● TASK BRIEF
Please return only the lines from the one holding "Fusee links-voor Mercedes" through the one holding "The Cloud Dream", exactly as they appear in the records below, both ends included.

● THE DATA
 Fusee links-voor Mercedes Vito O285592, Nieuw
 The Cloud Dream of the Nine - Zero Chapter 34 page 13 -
* * *
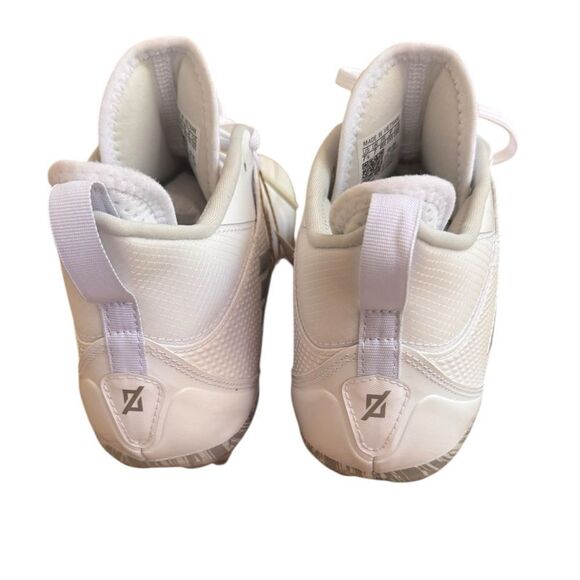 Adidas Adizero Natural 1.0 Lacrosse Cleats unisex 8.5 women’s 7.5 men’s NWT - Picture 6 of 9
---
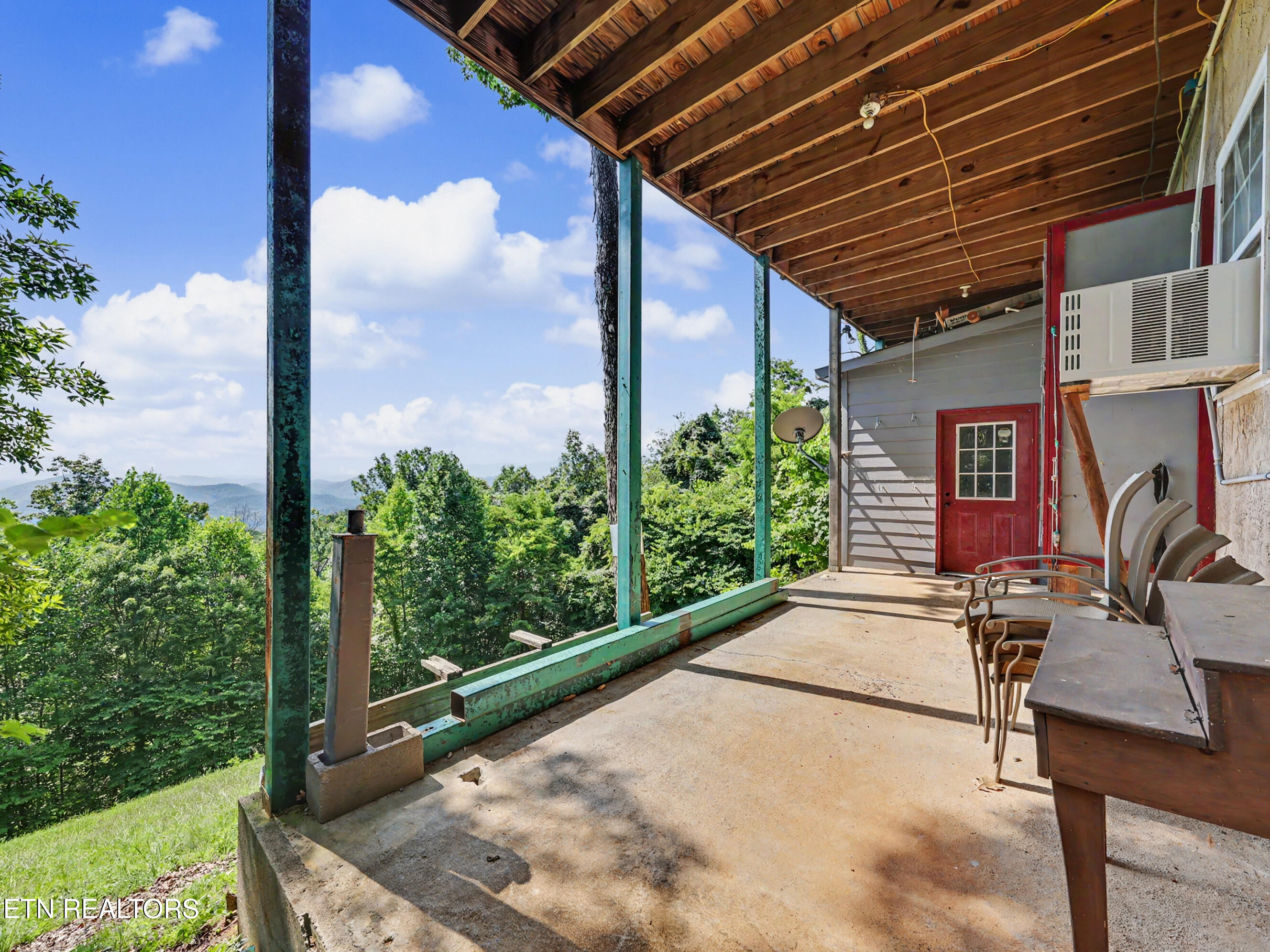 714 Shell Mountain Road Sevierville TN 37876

● TASK RESPONSE
 Fusee links-voor Mercedes Vito O285592, Nieuw
 The Cloud Dream of the Nine - Zero Chapter 34 page 13 -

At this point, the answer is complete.